Nothing in the copy should be a picture; everything else in the listing is to be restated exactly.
:: DATASET SECTION
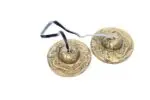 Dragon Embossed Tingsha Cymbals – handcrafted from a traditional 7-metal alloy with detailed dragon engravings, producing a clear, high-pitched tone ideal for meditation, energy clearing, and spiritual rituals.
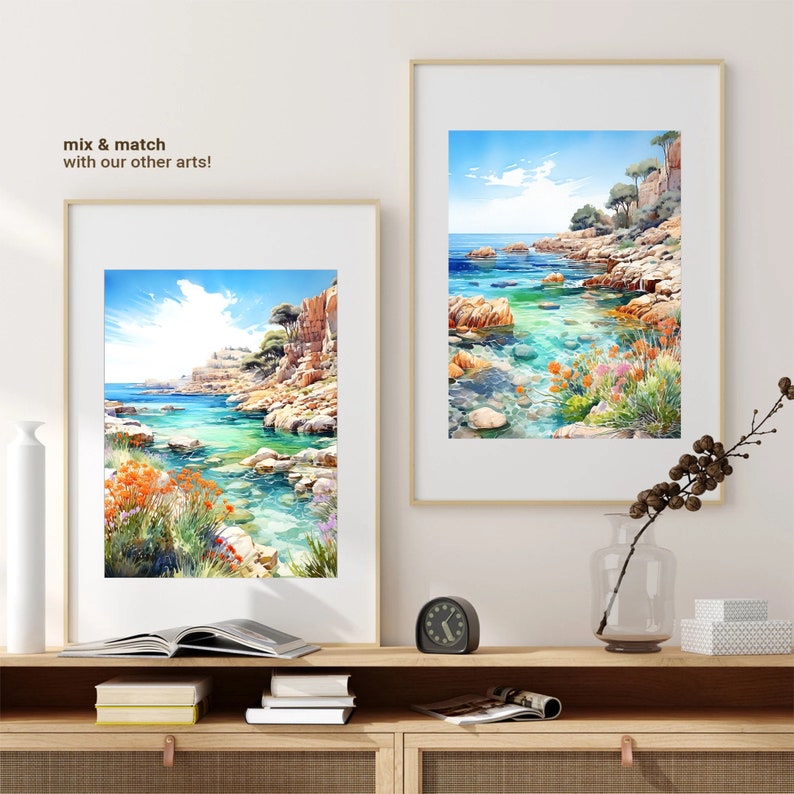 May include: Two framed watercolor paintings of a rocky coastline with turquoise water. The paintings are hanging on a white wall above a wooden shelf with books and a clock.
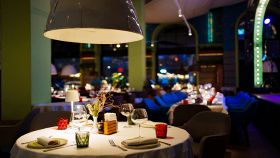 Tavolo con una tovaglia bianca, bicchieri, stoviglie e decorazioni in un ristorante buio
::::
ANSWER BOX =
 Dragon Embossed Tingsha Cymbals – handcrafted from a traditional 7-metal alloy with detailed dragon engravings, producing a clear, high-pitched tone ideal for meditation, energy clearing, and spiritual rituals.
 May include: Two framed watercolor paintings of a rocky coastline with turquoise water. The paintings are hanging on a white wall above a wooden shelf with books and a clock.
 Tavolo con una tovaglia bianca, bicchieri, stoviglie e decorazioni in un ristorante buio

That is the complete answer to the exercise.